» **Problem**
Your answer should hold exactly the lines below from the line with "Cling Film Dispenser" through the line with "Glossier Balm Dotcom", both included, and no pictures at all.
============================================================
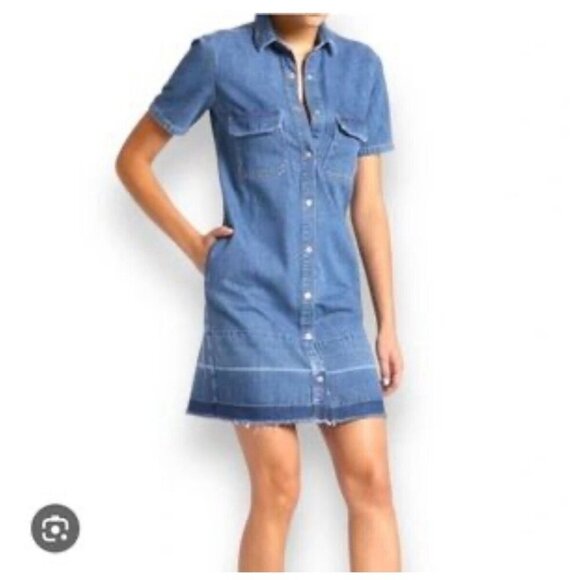 Mavi Jeans Dress Womens Caroline Denim Button Front Shirt Dress Coastal Boho - Picture 2 of 11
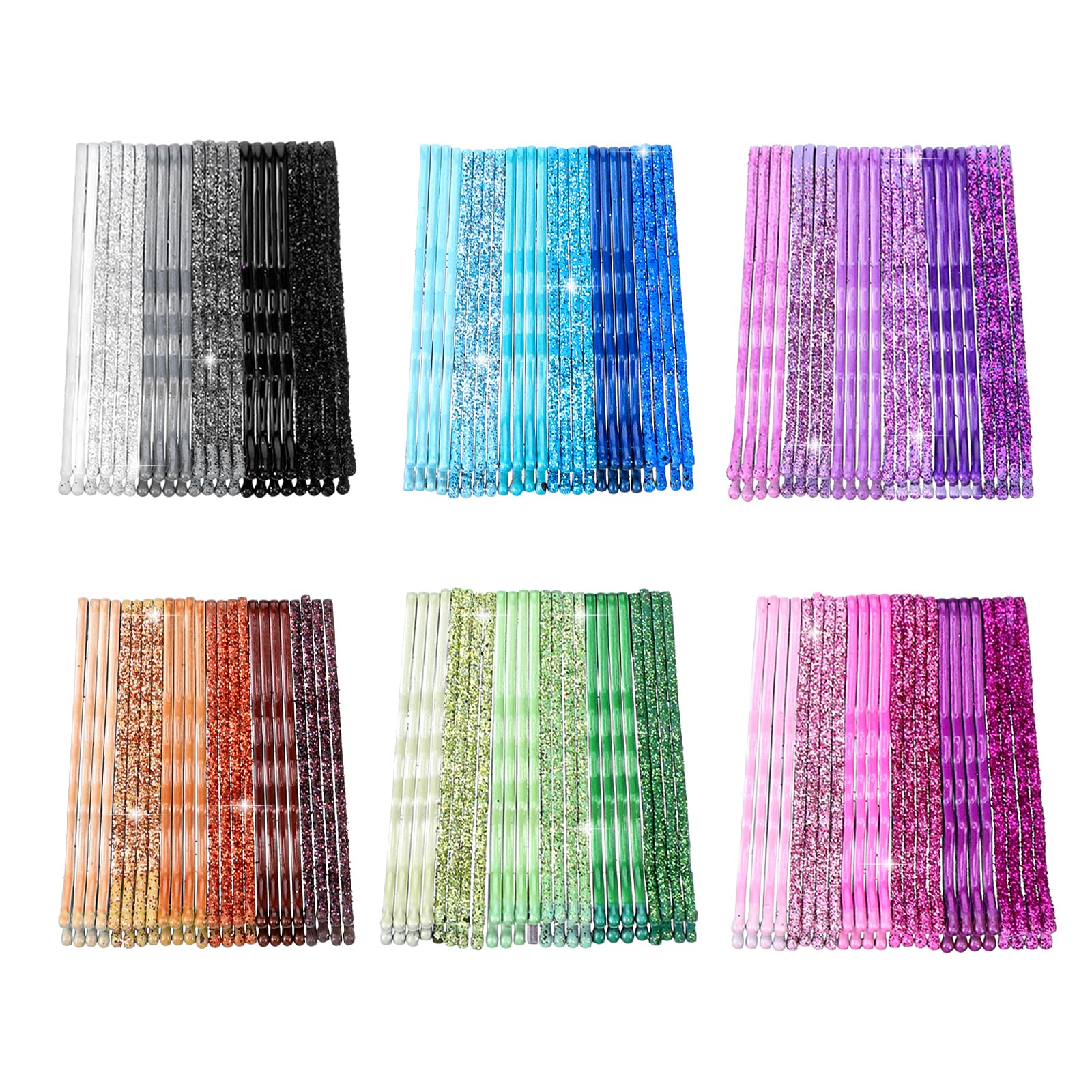 HJZHII 144PCS Colorful Bobby Pins, Assorted Glitter Bobby Pin Hairs Styling Pins Metal Invisible Hair Clips Barrettes Accessories for Women Girls All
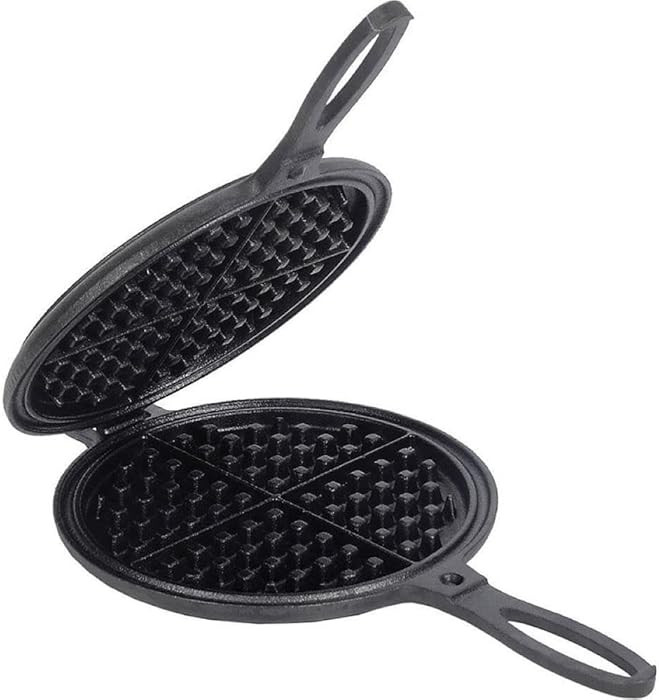 Lehmans Cast Iron Waffle Maker - Two Piece Hinged Non-Electric Waffle Iron for Stovetop or Grill ... | Amazon (US)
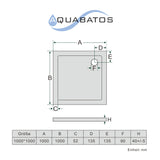 AQUABATOS Duschwanne Kunststein für Duschkabine Eckig/Rechteckig/Vietelkreis Super Flach Weiß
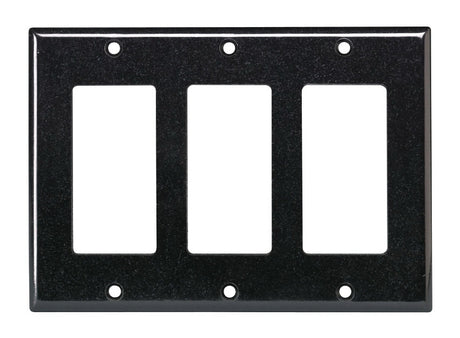 Leviton 80411-E Wallplate, 4-1/2 in L, 6-3/8 in W, 3-Gang, Plastic, Black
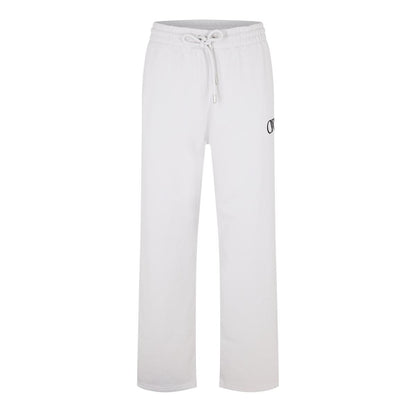 Stone-Black - Front - Off White Unisex Adult Fleece Relaxed Fit Sweatpants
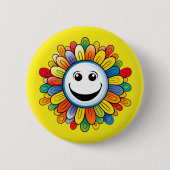 Sunny Ray Flower Ronde Button 5,7 Cm (Voorkant)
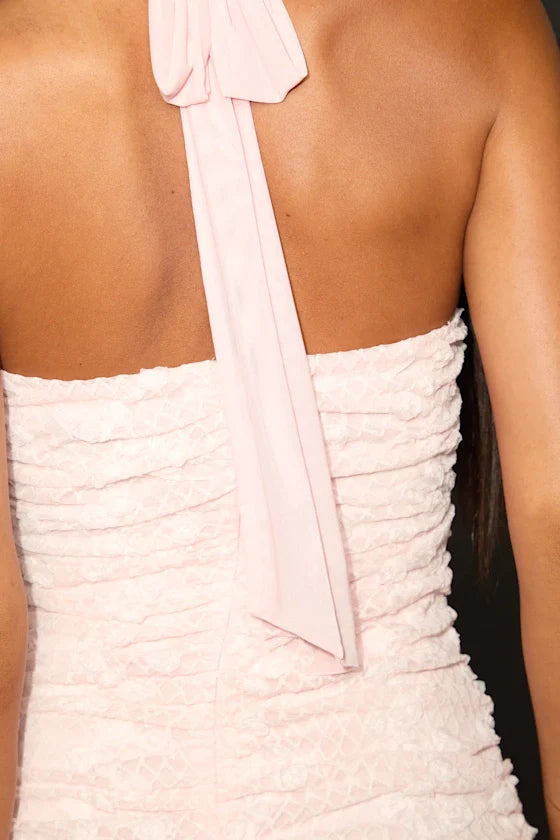 Dominique Blush Pink Lace Ruched Halter Mini Dress
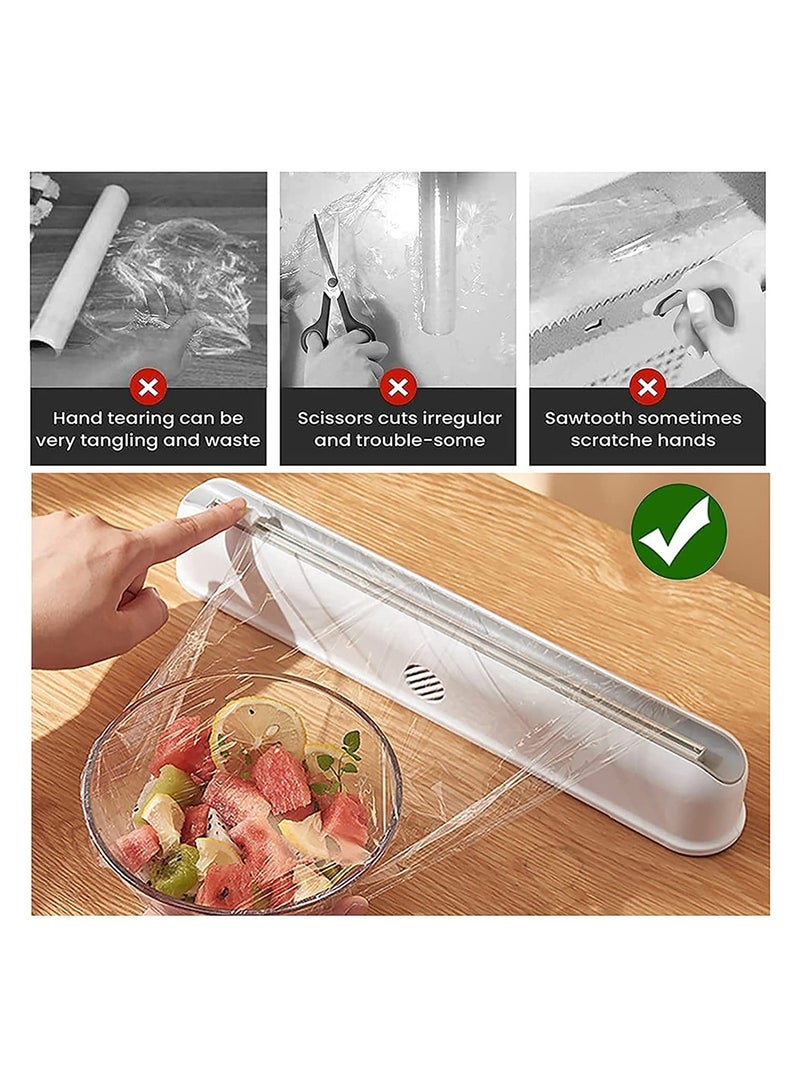 Cling Film Dispenser with Cutter Reusable Plastic Food Wrap Dispenser Cutter for Cling Film, Tin Foil, Kitchen Wall-Mounted Cling Film Storage and Cutting Box, With 1 Box of Plastic Wrap - Image 2
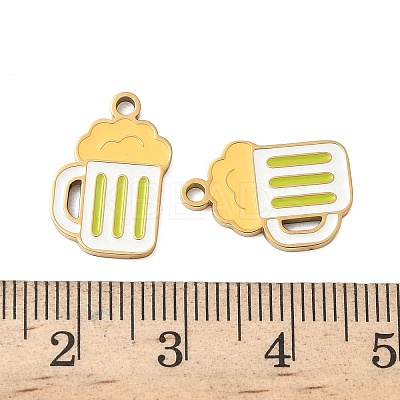 304 Stainless Steel Enamel Pendants X1-STAS-G360-04G-09-1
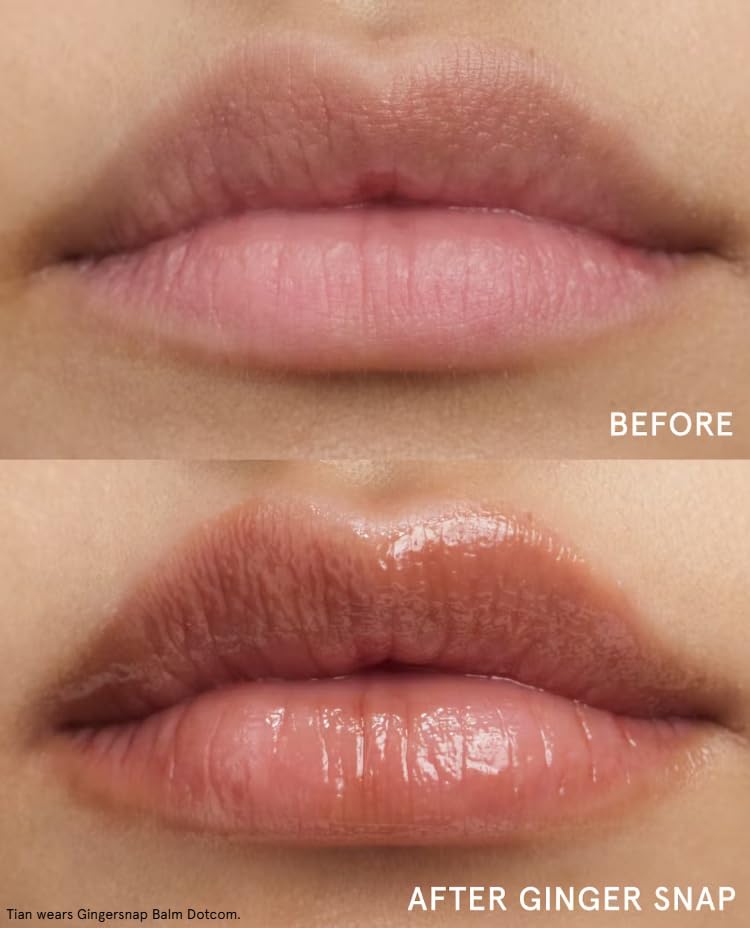 Glossier Balm Dotcom Gingersnap applied directly to lips for targeted relief.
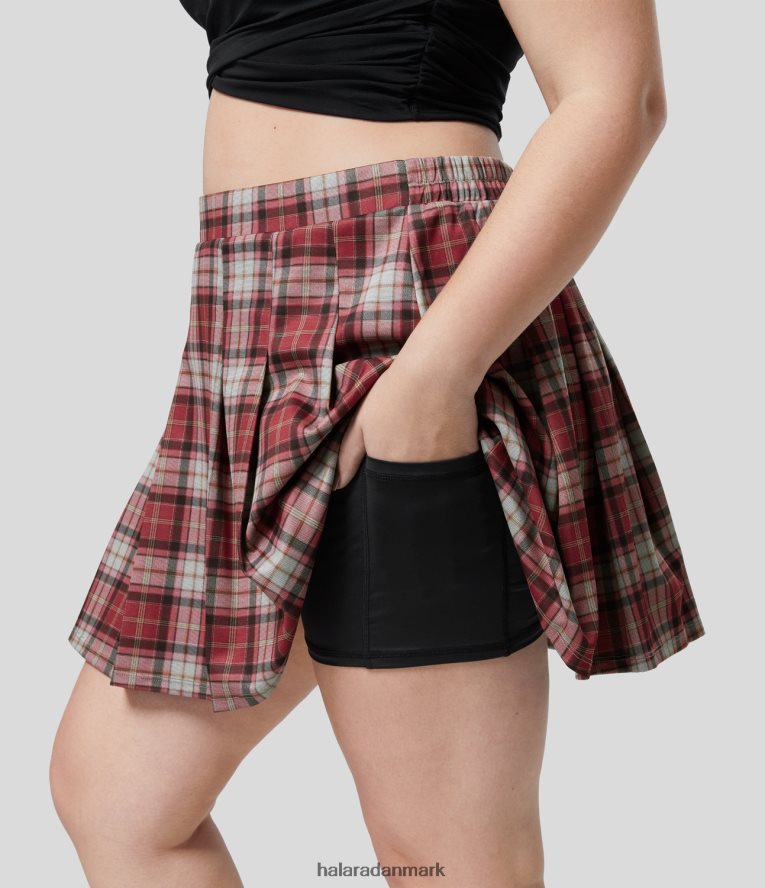 bunde dk Halara Kvinder højtaljet 2-i-1 sidelomme plaid plisseret mini casual plus size nederdel murstensrød plaid TH606J545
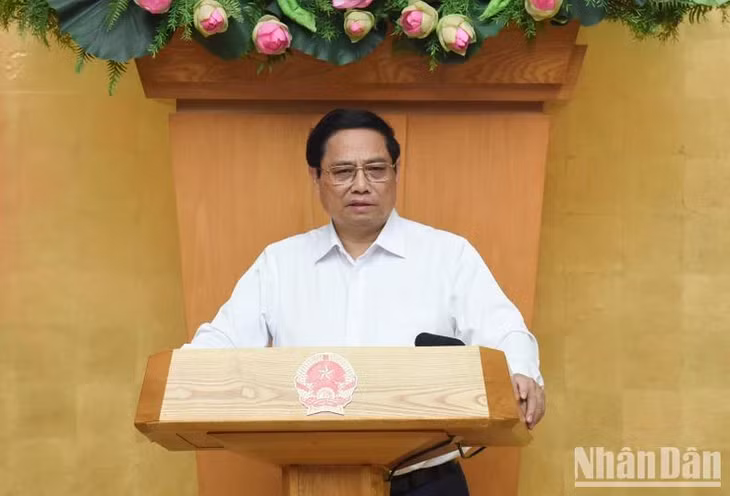 Thủ tướng Phạm Minh Chính phát biểu ý kiến tại phiên họp. (Ảnh: Trần Hải)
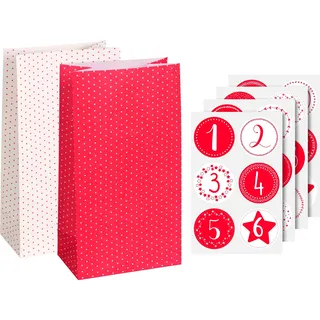 Heyda Maxi-Adventskalender-Set Pünktchen 24x13 cm mit 24 Papiertüten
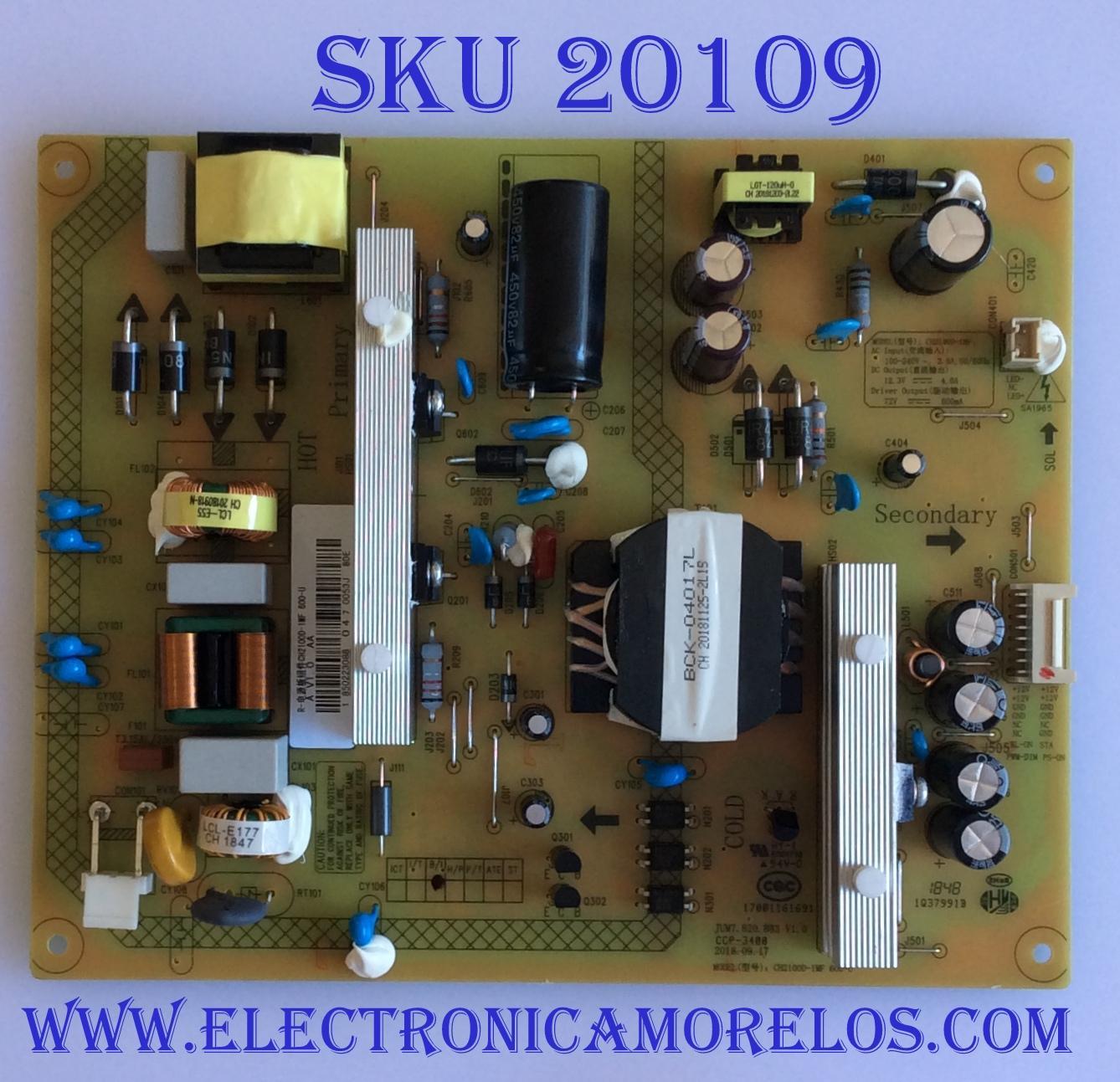 FUENTE DE PODER / ELEMENT 850223088 / CH2100D-1MF / CCP-3400 / JUM7.820.883 / 17001161691 / MODELO E4SC4018RKU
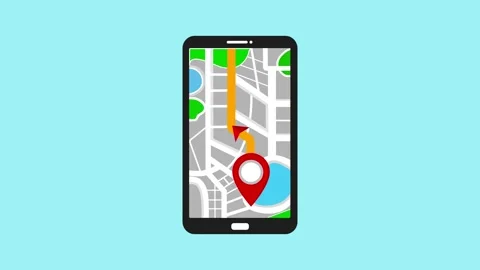Smartphone Navigation Map Animation, Animated of a smartphone displaying a .. Vidéo 317855074
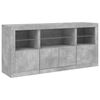 vidaXL Sideboard mit LED-Leuchten Betongrau 142,5x37x67 cm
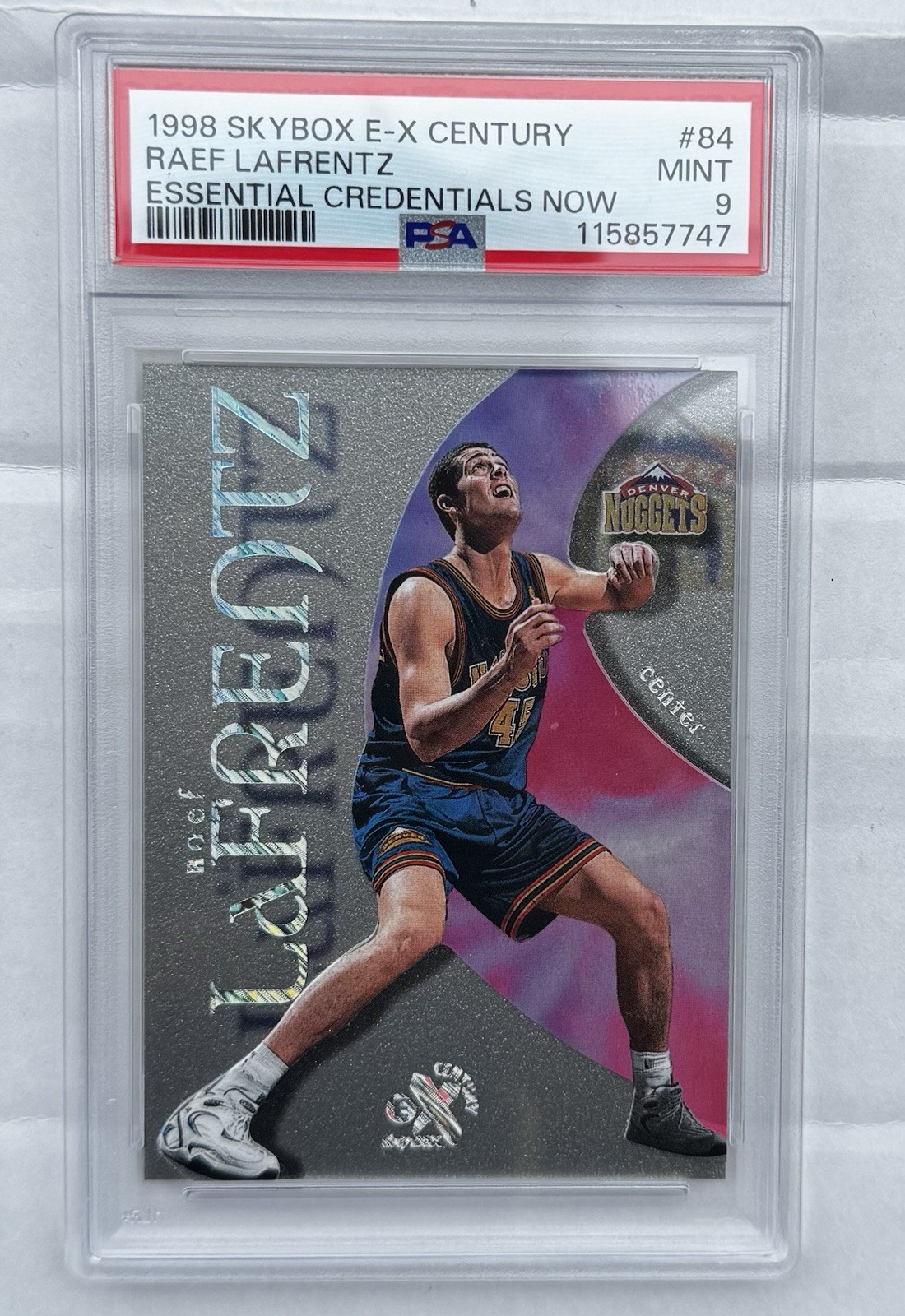 Raef Lafrentz 1998 Skybox E-X Century Rookie Essential Credentials NOW /84 PSA 9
============================================================
» **Problem solution**
 Cling Film Dispenser with Cutter Reusable Plastic Food Wrap Dispenser Cutter for Cling Film, Tin Foil, Kitchen Wall-Mounted Cling Film Storage and Cutting Box, With 1 Box of Plastic Wrap - Image 2
 304 Stainless Steel Enamel Pendants X1-STAS-G360-04G-09-1
 Glossier Balm Dotcom Gingersnap applied directly to lips for targeted relief.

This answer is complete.